» **Dataset records**
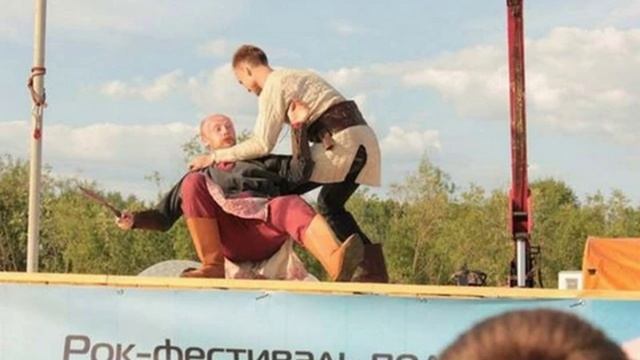 Рок фестиваль ''Остров'' Архангельск 2012 смотреть онлайн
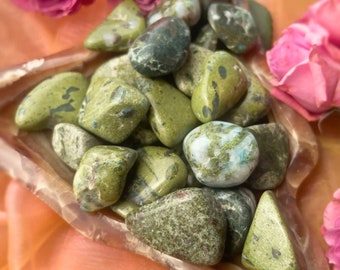 Small Tumbled Compassion Stone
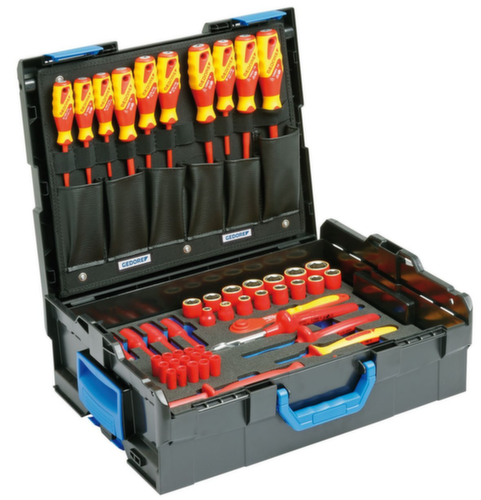 GEDORE 1100-1094 Assortiment d'outils VDE HYBRID en L-BOXX 136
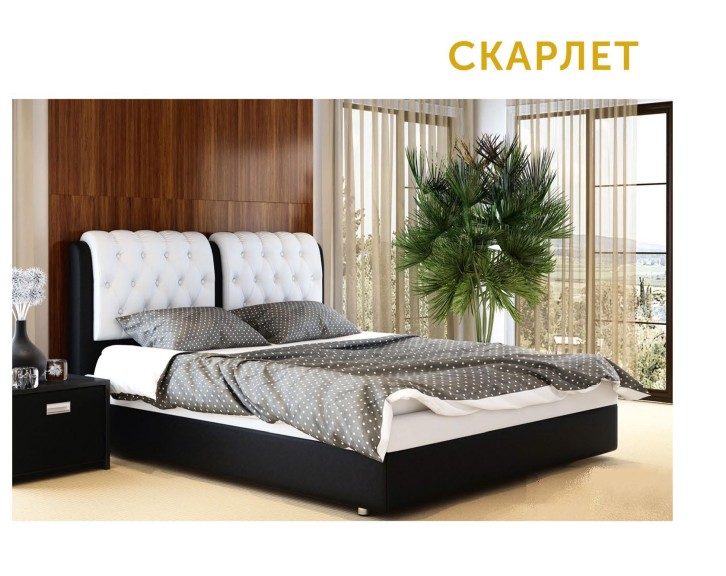

Кровать Скарлет Городок 1400х2000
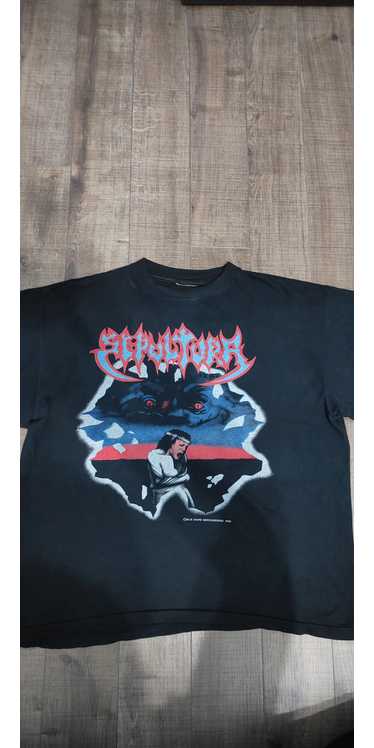 Vintage Sepultura schizophrenia 1990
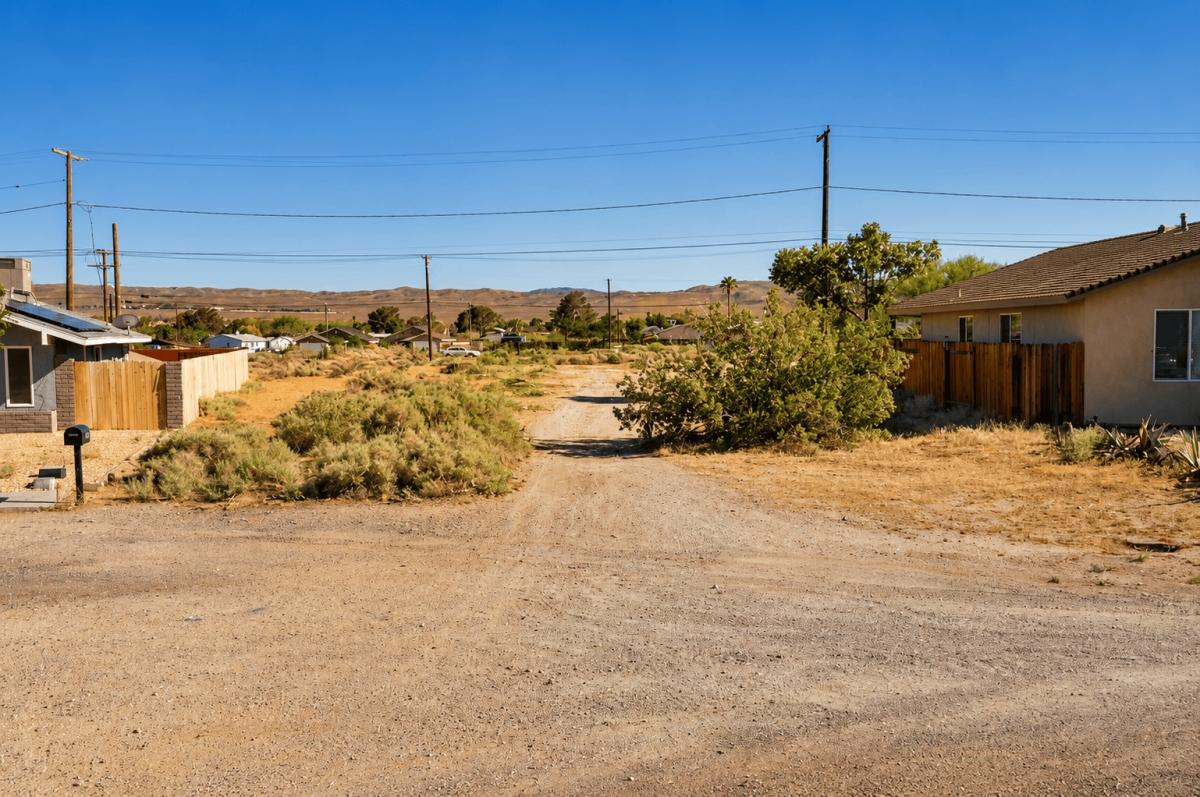 0.17 Acres for Sale in Ridgecrest, California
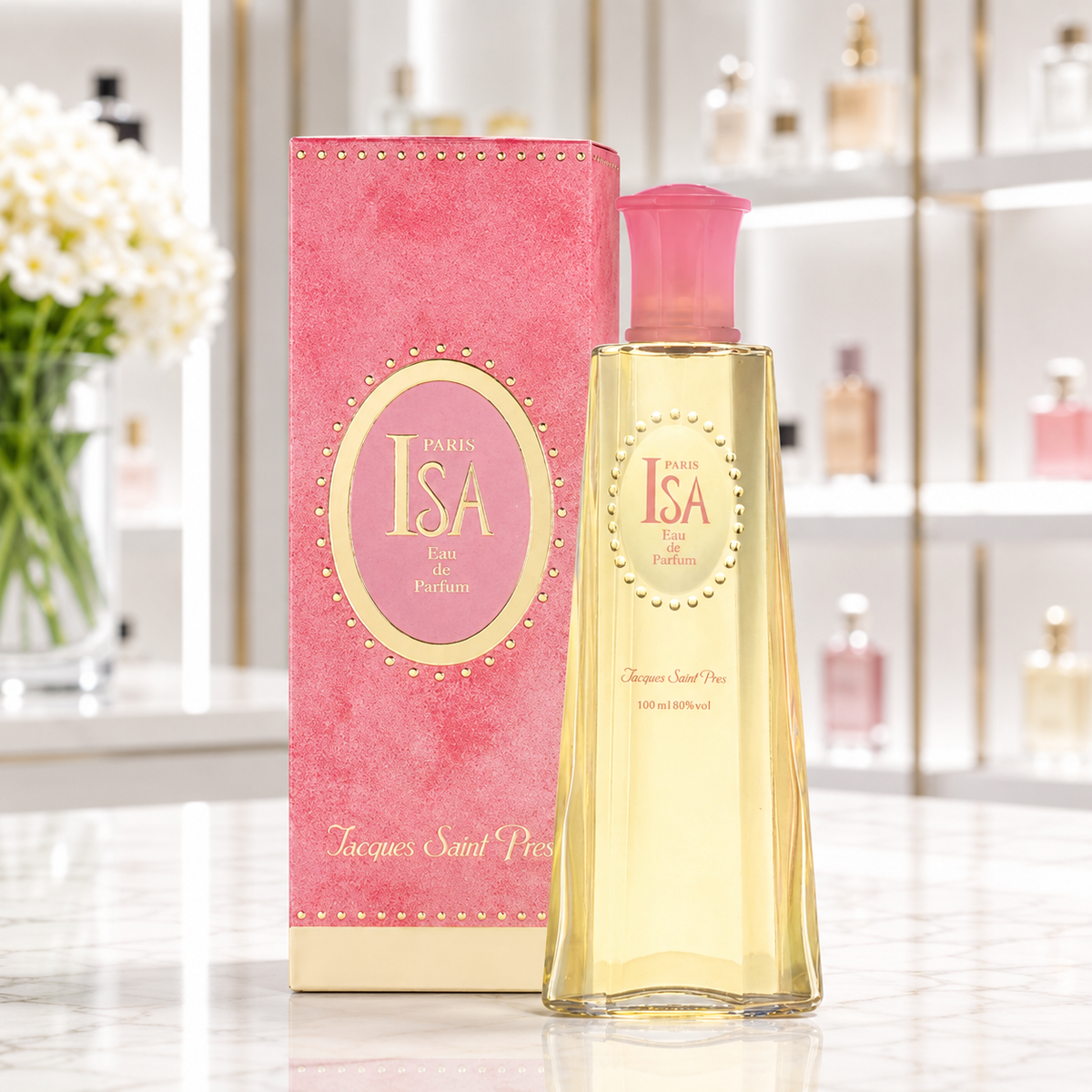 Jacques Saint Pres Isa - Eau de Parfum - Femenino - 100ml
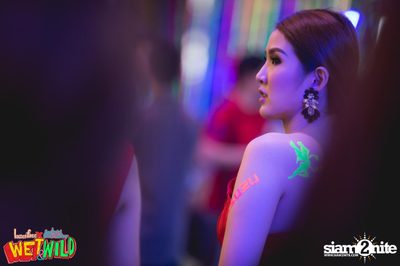Press Conference Lazerface X Santorini WET&WILD at EmQuartier — photo 9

» **Exercise**
Pictures must not appear in the copy, and every record must be restated word for word.

» **Solution to the exercise**
 Рок фестиваль ''Остров'' Архангельск 2012 смотреть онлайн
 Small Tumbled Compassion Stone
 GEDORE 1100-1094 Assortiment d'outils VDE HYBRID en L-BOXX 136

Кровать Скарлет Городок 1400х2000
 Vintage Sepultura schizophrenia 1990
 0.17 Acres for Sale in Ridgecrest, California
 Jacques Saint Pres Isa - Eau de Parfum - Femenino - 100ml
Press Conference Lazerface X Santorini WET&WILD at EmQuartier — photo 9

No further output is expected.